──────── Records for this task ────────

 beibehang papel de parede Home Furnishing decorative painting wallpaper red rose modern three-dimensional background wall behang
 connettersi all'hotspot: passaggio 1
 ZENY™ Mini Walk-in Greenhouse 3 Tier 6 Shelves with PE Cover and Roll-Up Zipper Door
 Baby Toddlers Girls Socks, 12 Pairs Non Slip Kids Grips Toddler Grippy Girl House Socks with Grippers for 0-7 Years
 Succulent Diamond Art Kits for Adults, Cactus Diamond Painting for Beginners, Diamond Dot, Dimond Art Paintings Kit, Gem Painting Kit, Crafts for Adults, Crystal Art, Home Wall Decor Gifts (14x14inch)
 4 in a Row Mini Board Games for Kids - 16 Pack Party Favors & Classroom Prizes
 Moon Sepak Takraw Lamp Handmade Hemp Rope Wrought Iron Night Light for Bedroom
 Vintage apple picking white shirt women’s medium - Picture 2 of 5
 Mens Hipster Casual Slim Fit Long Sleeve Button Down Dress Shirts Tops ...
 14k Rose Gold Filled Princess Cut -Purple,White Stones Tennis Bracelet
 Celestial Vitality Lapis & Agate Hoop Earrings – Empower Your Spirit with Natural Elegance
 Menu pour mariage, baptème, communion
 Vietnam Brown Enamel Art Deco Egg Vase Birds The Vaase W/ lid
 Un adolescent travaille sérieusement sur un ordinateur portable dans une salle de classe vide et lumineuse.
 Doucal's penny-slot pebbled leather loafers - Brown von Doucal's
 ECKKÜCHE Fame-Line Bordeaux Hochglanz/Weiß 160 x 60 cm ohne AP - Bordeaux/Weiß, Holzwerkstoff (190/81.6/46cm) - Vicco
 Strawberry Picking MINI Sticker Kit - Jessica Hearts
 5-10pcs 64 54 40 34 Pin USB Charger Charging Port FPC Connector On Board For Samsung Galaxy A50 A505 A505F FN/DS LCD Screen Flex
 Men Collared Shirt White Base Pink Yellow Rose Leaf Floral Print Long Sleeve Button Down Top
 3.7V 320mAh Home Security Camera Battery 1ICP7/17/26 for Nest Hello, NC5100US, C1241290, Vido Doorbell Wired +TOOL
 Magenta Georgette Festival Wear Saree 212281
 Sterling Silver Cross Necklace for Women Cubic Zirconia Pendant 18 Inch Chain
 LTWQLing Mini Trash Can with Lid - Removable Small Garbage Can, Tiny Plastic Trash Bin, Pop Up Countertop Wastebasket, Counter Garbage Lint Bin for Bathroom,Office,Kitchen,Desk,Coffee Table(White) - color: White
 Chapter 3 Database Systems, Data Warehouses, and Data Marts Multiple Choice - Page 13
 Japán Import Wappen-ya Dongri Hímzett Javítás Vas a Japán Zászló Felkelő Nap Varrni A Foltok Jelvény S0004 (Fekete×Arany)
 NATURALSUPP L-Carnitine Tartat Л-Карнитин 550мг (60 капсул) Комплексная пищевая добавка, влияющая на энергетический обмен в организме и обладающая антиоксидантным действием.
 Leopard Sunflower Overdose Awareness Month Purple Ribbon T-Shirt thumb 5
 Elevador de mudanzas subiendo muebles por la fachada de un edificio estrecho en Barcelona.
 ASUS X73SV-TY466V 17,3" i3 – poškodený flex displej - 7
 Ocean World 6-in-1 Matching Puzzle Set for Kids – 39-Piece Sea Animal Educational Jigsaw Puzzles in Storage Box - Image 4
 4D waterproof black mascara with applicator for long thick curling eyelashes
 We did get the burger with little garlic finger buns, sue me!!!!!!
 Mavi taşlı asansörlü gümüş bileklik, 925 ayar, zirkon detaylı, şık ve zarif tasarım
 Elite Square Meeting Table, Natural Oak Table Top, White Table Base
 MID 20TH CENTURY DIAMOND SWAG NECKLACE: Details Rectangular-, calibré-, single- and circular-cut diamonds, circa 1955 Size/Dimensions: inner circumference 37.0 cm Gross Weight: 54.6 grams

────────

* _Task goal_
After reading the entries above, state how many lines hold the word "Button", with no text besides the number.

* _Result for this task_
2